Daniel Swinburn
µRebeca Matte es para las nuevas generaciones una ilustre desconocida, y que con esta biografía “nace” a la cultura chilena luego de décadas de olvido, como afirma Hernán Rodríguez en la presentación del libro.
“Dices bien, una ilustre desconocida; ilustre porque si bien su nombre vagamente se asocia al arte —no se sabe bien si fue escritora, pintora o escultora—, su obra se desconoce, salvo “Unidos en la gloria y en la muerte”, que está frente al Museo de Bellas Artes donde algunas personas lo han visto de paso; pero se ignora su vida, su época y todo lo demás. En suma, existe un vacío sobre ella y en torno a ella que para mí constituyó el punto de partida para iniciar esta investigación”.
Artista trágica
—¿Cuál es el modo de ser trágico de Rebeca Matte? Usted afirma que vive “la angustia de la razón”.
“La circunstancia de la pérdida de la madre, estando ella viva, su proximidad física y a la vez su lejanía psíquica se graban con mucha fuerza en la mente de la niña e influyen decisivamente en la formación de su carácter y en la tónica de su obra. No olvidemos que Rebeca Matte vive en la época de Freud, cuando esta escisión entre el mundo racional y consciente —la inteligencia— encarnado por el padre y el mundo subconsciente, emocional encarnado por la madre chocan y hacen trizas el paradigma positivista. Ella vive esa angustia, pero de forma más intensa y más directa porque está personalizada en ambos progenitores. En una carta se refiere a este “dualismo” que le ha generado tanto dolor. Por eso creo que epocalmente se le puede aplicar el modelo apolíneo-dionisíaco de Nietzsche”.

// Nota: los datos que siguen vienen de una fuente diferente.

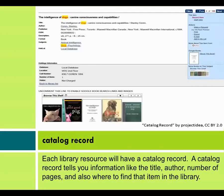Catalog Record. Each library resource will have a catalog record. A catalog record tells you information like the title, author, number of pages, and also where to find that item in the library.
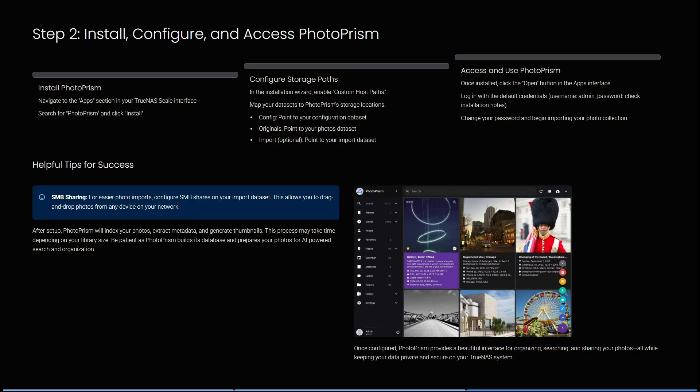It's literally that easy. In the installation wizard, you need to enable custom host paths. You can map your datasets to PhotoPRISM's storage locations. You can configure to point to configuration datasets. Your original will point to your photo datasets, and then you can configure import as an option, which will point to your import datasets.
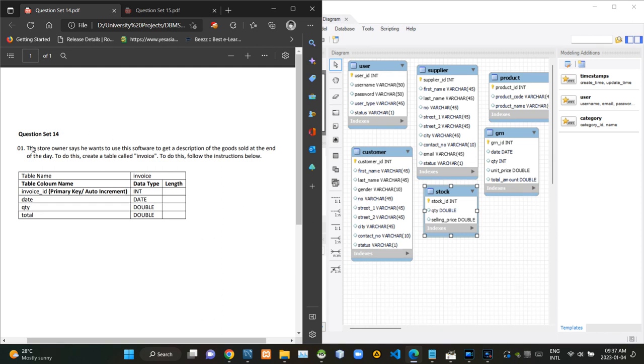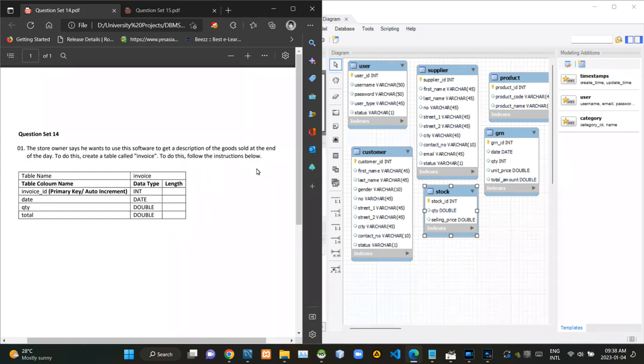As you can see, our question is given here like this. It says the store owner says he wants to use this software to get a description of goods sold at end of the day. To do this, create a table called invoice. To do this, follow the instructions below. In this question, they are saying us create a relation named invoice.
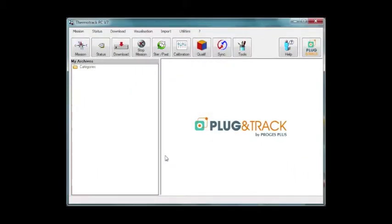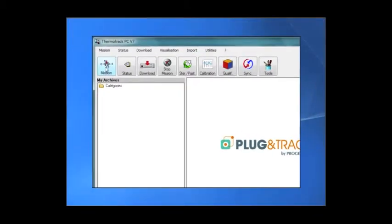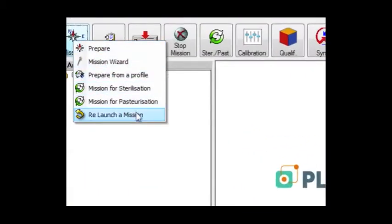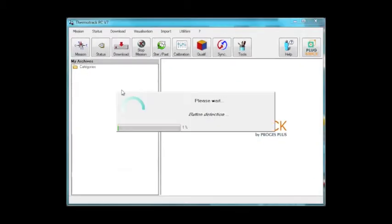The second possibility is to relaunch the mission with the same parameters. Click the mission icon and choose relaunch mission. Place the button on the USB reader.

—La intensidad de su sufrimiento la hace transitar por la “vía misteriosa” de los artistas románticos, afirma usted. ¿Fue la “última” artista romántica, en el sentido de haber vivido en forma tan radical un postulado estético?
“En realidad no sé si fue la última o más bien la primera. Si pensamos en Carmen Arriagada o Mercedes Marín del Solar como las primeras escritoras románticas de Chile, Rebeca Matte sería la última romántica. Pero es que en Chile tanto las escritoras como las pintoras que trabajan durante el siglo XIX, con anterioridad a 1880, no son “artistas” en el sentido moderno del término. Lo suyo es un momento o un par de momentos de explosión creativa, que después se apagan . En este sentido, Rebeca Matte es la primera artista moderna, con todos o casi todos los rasgos del artista trágico de la modernidad romántica en una dimensión propia personal. Lily Garafulic, por ejemplo, a quien dediqué una anterior monografía, ya no comparte ese modelo, esa grandeza trágica de la que habla Nietzsche. Parte del arte, con Mondrian a la cabeza —contemporáneo de Rebeca Matte—, evolucionaba hacia la neutralización afectiva, iniciada ya con el cubismo analítico de Picasso y Braque.”
—¿Cuál es la relación de Rebeca Matte con el mito? “Aquí hay dos caras de una misma medalla. Ella ama los mitos y se nutre de ellos para pensar, imaginar y concretar sus formas. Es una de las modalidades del antirracionalismo de Rebeca Matte. La peculiar estructura del mito, su plasticidad, que permite reinterpretaciones y relecturas a veces a gran distancia temporal, la atrae al punto de inspirarse en mitos en varias de sus obras, en particular sus obras autobiográficas, que se cuentan entre las más interesantes y densas en significados, como “Eco” e “Ícaro y Dédalo”. La polivalencia del mito intensifica la riqueza conceptual y formal de estas esculturas. En “Eco”, por ejemplo, se representa el mito del enmudecimiento y la aniquilación, la ninfa que se apaga ante la autorreferencia excluyente de Narciso. Pero esa obra está atravesada por la figura de la madre, dotada pianista y escritora, silenciada en la distancia de su reclusión santiaguina y por la propia personalidad todavía adolescente de Rebeca Matte, que descubre enmudecida su propio dualismo y las pulsiones contrapuestas entre naturaleza y espíritu, entre instinto y sentimiento”.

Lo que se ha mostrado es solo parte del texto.